Configuration

ReadabilityOptions control extraction.

The defaults are conservative. They favor article pages with enough text to be useful and avoid exposing internal scoring knobs unless they affect common integration cases.

#![allow(unused)]
fn main() {
use lectito::{MediaRetention, ReadabilityOptions};

let options = ReadabilityOptions {
    char_threshold: 800,
    nb_top_candidates: 8,
    content_selector: Some("article".to_string()),
    site_profiles: Vec::new(),
    media_retention: MediaRetention::Article,
    ..ReadabilityOptions::default()
};
}

Fields:

FieldDefaultMeaning
max_elems_to_parseNoneReject documents above this element count.
nb_top_candidates5Number of high-scoring candidates to consider.
char_threshold500Minimum extracted text length for an accepted attempt.
content_selectorNoneCSS selector to force as the content root.
site_profiles[]TOML site profiles for host-scoped extraction hints.
mobile_viewport_widthSome(480)Width used by recovery rules for mobile snapshots.
classes_to_preserve[]Class names kept during cleanup.
keep_classesfalseKeep all class attributes.
disable_json_ldfalseSkip JSON-LD metadata extraction.
link_density_modifier0.0Adjust link-density cleanup tolerance.
media_retentionArticleControl figure/image/media retention.

Prefer content_selector when you already know the page shape. It bypasses root scoring for that document, then runs the normal cleanup pipeline.

When content_selector is not set, Lectito still tries a small list of common article-body containers such as #article-body and .entry-content before generic scoring. That catches many large publisher pages without site-specific profiles.
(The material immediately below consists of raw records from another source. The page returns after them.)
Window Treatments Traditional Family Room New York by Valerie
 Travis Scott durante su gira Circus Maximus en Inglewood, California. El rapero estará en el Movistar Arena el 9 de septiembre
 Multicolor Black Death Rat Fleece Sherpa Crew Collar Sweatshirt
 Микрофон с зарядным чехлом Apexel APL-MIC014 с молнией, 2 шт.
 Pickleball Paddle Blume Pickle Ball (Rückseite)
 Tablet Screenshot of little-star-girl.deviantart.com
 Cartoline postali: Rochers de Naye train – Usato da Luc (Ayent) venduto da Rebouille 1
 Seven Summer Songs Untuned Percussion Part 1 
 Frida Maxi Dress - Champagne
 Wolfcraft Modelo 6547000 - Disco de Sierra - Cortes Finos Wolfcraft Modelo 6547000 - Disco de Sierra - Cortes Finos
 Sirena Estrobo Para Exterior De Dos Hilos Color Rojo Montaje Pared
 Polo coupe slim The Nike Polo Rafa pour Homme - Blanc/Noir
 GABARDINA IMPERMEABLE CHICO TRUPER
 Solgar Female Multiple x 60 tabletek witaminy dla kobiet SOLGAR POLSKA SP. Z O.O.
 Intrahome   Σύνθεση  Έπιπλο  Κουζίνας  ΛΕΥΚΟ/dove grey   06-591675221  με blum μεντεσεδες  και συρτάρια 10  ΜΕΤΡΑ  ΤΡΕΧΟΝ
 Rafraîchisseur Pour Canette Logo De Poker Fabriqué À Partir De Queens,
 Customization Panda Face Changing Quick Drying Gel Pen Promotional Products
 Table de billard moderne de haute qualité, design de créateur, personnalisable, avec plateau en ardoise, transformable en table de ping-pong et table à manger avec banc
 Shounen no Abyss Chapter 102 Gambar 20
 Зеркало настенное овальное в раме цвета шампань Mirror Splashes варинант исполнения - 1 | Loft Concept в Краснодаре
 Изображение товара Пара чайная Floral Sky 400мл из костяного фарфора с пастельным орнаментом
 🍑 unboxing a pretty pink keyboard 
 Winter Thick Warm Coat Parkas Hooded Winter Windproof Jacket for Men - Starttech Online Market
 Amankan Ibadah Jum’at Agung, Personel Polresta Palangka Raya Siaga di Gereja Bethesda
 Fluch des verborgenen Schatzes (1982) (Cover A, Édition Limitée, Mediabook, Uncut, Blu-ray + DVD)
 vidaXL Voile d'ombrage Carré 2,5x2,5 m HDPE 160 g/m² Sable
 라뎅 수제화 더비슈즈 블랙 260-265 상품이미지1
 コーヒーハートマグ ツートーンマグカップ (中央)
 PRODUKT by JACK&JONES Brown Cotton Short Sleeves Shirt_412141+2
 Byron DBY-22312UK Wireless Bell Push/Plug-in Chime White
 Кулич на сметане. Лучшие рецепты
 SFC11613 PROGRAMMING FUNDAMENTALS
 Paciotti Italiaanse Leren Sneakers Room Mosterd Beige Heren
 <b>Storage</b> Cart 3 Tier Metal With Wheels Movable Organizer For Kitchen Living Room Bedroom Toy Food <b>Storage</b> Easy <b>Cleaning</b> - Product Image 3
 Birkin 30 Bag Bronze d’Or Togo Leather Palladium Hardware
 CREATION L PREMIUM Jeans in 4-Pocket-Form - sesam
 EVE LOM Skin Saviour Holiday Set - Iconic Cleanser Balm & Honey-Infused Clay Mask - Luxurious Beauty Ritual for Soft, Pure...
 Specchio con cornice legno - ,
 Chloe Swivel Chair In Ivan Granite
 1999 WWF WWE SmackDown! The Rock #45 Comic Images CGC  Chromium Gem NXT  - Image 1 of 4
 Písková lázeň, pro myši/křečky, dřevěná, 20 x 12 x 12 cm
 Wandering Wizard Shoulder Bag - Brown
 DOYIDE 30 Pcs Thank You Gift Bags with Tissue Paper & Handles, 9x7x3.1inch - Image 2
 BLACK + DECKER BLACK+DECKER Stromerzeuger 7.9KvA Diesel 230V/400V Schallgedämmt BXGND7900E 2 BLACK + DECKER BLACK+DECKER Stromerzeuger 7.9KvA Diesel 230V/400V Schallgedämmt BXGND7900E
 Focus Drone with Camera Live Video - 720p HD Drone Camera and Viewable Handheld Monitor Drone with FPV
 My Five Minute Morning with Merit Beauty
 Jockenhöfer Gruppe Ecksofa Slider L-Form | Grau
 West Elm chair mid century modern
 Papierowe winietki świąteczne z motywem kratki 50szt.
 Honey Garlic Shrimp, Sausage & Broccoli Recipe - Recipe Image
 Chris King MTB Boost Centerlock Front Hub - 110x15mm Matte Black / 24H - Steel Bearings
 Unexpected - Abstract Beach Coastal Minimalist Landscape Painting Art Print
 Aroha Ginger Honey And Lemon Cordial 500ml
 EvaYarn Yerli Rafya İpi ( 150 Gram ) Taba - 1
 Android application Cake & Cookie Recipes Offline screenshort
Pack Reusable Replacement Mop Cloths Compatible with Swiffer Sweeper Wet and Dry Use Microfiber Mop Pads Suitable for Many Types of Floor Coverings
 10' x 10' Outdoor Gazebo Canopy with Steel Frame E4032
Use site_profiles when you want URL-scoped extraction hints, removal selectors, and metadata hints. Profiles are attempted before generic scoring, but weak profile output falls back to the generic extractor.

Use max_elems_to_parse as a guardrail for untrusted input. It rejects very large documents before extraction work continues.

Use media_retention when output fidelity matters. Article keeps body figures and images by default; None removes media; Conservative is text-first; All keeps media that remains in the selected article subtree.

ReadableOptions controls is_probably_readable.

Lower min_content_length for short posts or documentation pages. Raise min_score when you want the quick check to reject borderline pages.

#![allow(unused)]
fn main() {
use lectito::ReadableOptions;

let options = ReadableOptions {
    min_content_length: 140,
    min_score: 20.0,
};
}